Work required
Everything in the data below is left aside except the lines from the one containing "PC Home Decor" through the one containing "Red BILTWELL Moto"; repeat those exactly.

[Extracted material Boundary: Start]

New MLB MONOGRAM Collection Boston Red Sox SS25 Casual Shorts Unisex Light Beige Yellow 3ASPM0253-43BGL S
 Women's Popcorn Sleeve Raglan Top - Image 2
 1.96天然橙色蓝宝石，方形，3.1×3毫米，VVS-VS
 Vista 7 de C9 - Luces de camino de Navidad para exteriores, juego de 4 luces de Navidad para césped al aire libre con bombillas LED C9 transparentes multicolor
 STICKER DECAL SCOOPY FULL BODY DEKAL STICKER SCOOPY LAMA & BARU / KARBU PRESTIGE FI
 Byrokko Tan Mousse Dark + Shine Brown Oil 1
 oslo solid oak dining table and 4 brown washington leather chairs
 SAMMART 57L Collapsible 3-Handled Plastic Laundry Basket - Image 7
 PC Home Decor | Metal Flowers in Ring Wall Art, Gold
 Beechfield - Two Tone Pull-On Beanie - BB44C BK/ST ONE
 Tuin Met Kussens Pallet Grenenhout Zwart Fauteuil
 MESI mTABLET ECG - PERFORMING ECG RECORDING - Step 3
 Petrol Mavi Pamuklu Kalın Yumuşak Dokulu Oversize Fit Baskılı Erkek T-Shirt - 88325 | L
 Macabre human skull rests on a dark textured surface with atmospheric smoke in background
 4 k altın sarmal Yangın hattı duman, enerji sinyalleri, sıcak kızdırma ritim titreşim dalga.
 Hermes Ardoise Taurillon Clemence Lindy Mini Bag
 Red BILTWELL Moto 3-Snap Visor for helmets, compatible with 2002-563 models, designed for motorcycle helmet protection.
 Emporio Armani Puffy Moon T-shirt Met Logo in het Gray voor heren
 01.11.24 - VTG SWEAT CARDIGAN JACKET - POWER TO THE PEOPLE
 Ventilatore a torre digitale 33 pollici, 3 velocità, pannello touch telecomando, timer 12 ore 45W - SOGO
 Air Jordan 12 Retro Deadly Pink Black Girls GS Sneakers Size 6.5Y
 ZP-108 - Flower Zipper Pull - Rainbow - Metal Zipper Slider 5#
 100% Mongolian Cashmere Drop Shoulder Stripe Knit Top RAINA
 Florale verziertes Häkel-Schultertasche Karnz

[Extracted material Boundary: End]

Answer space
 PC Home Decor | Metal Flowers in Ring Wall Art, Gold
 Beechfield - Two Tone Pull-On Beanie - BB44C BK/ST ONE
 Tuin Met Kussens Pallet Grenenhout Zwart Fauteuil
 MESI mTABLET ECG - PERFORMING ECG RECORDING - Step 3
 Petrol Mavi Pamuklu Kalın Yumuşak Dokulu Oversize Fit Baskılı Erkek T-Shirt - 88325 | L
 Macabre human skull rests on a dark textured surface with atmospheric smoke in background
 4 k altın sarmal Yangın hattı duman, enerji sinyalleri, sıcak kızdırma ritim titreşim dalga.
 Hermes Ardoise Taurillon Clemence Lindy Mini Bag
 Red BILTWELL Moto 3-Snap Visor for helmets, compatible with 2002-563 models, designed for motorcycle helmet protection.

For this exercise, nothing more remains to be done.